Students are notified whether or not they have work-study on their Financial Aid Award Letter or by logging into SHUAwards.
Students have to complete a Work Application and submit it to the Office of Student Financial Assistance.
During the first week of school, work-study eligible students will receive a Referral Form in their SHU email. This form contains the awarded work-study amount, the recommended number of hours to work per week, the maximum number of hours for the academic year, and the hourly pay rate - which presently is $10.10 in Connecticut. If you don't receive this form, please check with the Office of Student Financial Assistance because your Work Application may be incomplete or not received. The Referral Form should be printed and brought with students when applying for jobs. If hired, the form must be completed and returned to the Office of Student Financial Assistance.
A complete list of available jobs is located online under Work-Study Job Postings and is activated just before the start of school. It is updated frequently as positions fill up quickly - students should contact departments as soon as possible. If an interview is scheduled, you should bring your class schedule and Referral Form with you. Under no circumstances should a student be hired and begin working until a completed Referral Form is submitted to the Office of Student Financial Assistance. Students cannot hold two work-study jobs at the same time.
When the completed Referral Form is returned to the Office of Student Financial Assistance, the student is activated in Kronos within 48 to 72 hours. Kronos is an electronic timecard system that students utilize to track their hours each time they work. The hours are then sent to their supervisor to be approved for payment. Students are paid every other Friday.
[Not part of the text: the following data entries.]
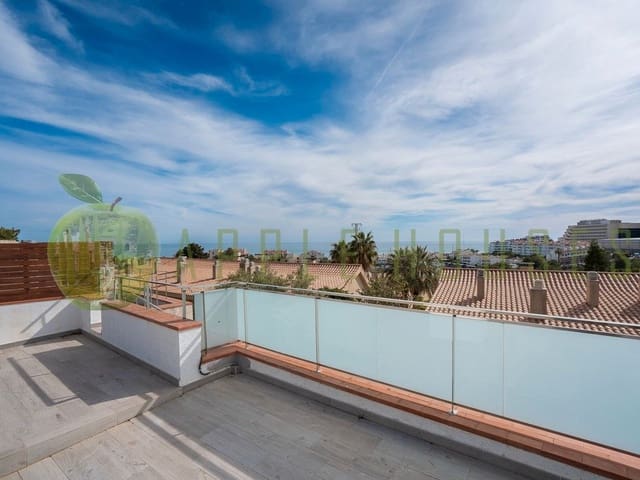 Property Image 580408-sitges-apartment-2-1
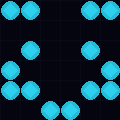45.131.34.101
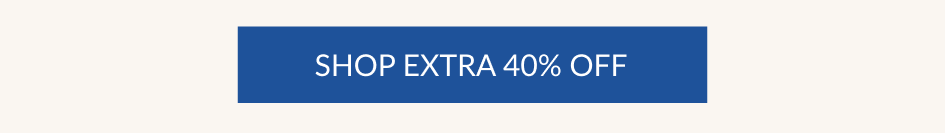 shop clearance extra 40% off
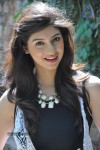 Tanvi Vyas New Gallery - 43 of 118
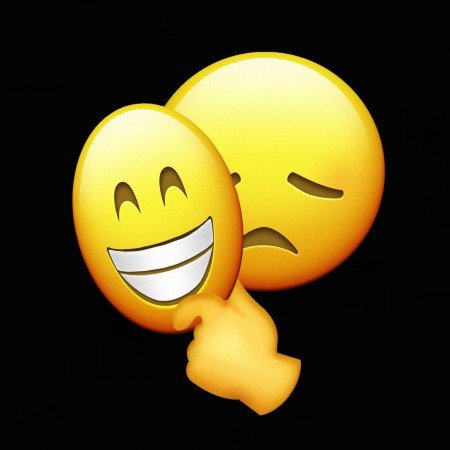  عکس تولد مبارک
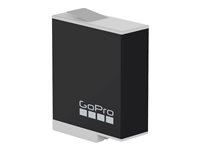 GoPro batteri - Li-Ion ADBAT-011
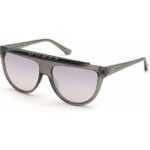 Γυναικεία Γυαλιά Ηλίου Guess GU76635820C ø 58 mm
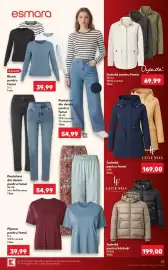 Catalog Kaufland săptămâna 37 Pagină 29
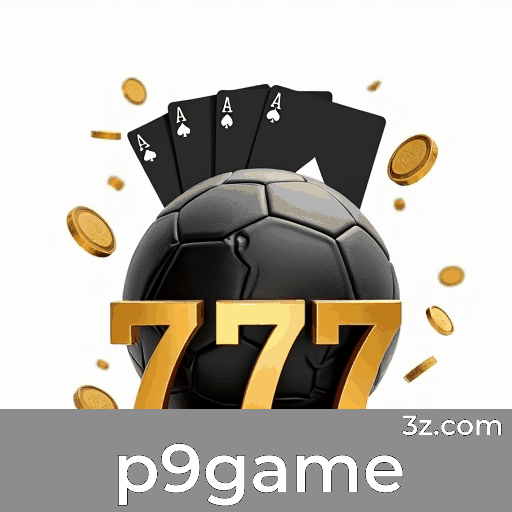 p9game: Download Rápido e Uso Fácil para Brasileiros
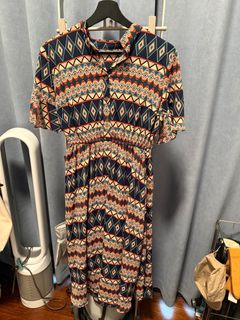 (Category: ) located in . Submitted by daphne_0717 (Listing ID 1408985224, Image 1). Description: .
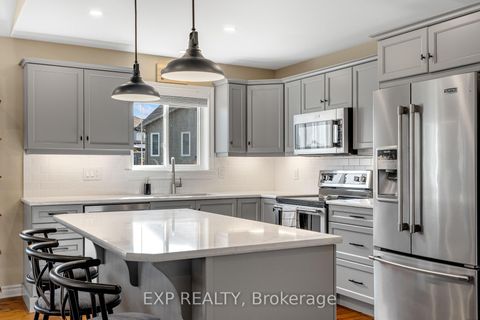 Photo 8 at 86 Horton Street, Mississippi Mills (Ramsay) Twp, Mississippi Mills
Paychecks or Direct Deposit vouchers are ready for pick-up on paydays from the Payroll Department between 8:30am and 4:00pm (located on the 2nd floor of Melady Hall). We highly recommend Direct Deposit because if you do not pick up your check or voucher by the following Wednesday morning, they are mailed to your home address. Direct Deposit forms are included with the Work Application but you may also pick up the form in the Office of Student Financial Assistance. Direct Deposits can take up to two pay periods to be processed so, in the meantime, a paper check will be issued.
Frequently Asked Questions
How many hours may I work?
The work-study amount you are awarded represents the maximum you may earn over the course of the academic year. On your Referral Form your total award is broken down into recommended hours per week, this recommendation ensures your award to last until the end of the academic year. You may work more or less than the recommended hours, but be aware working more than the recommended hours each week will cause you to reach your maximum award sooner. It is a University policy that students not work more than 15 hours per week so their job does not interfere with their schoolwork.
What happens when I earn my full award amount?
It is the student's responsibility to keep track of their earnings. Your check/direct deposit voucher shows your year-to-date earnings. If you have reached and/or exceeded your awarded amount, your work-study is terminated and you cannot continue working. You will receive emails every two weeks of what remains of your work-study award.
The Family Educational Rights and Privacy Act (FERPA) is a federal law, enacted in 1974, that ensures the confidentiality of student records. As a student employee of Sacred Heart University, you should become familiar with some of the basic provisions of FERPA to make certain that you do not violate this federal law. FERPA violations may result in disciplinary action including, but not limited to, the loss of your job.
You must not, under any circumstances, release student information to anyone, unless your position specifically requires you to do so. You must refer any requests for information about a student to your supervisor to ensure that you do not violate FERPA.
You must avoid acquiring student record information that you do not need to do your job, and you may not exchange student information that you have learned while performing your job. Even a minor disclosure of information (e.g.: telling another student of someones class schedule) may be a FERPA violation and may result in disciplinary action. Any information you obtain on the job regarding students must remain in the workplace.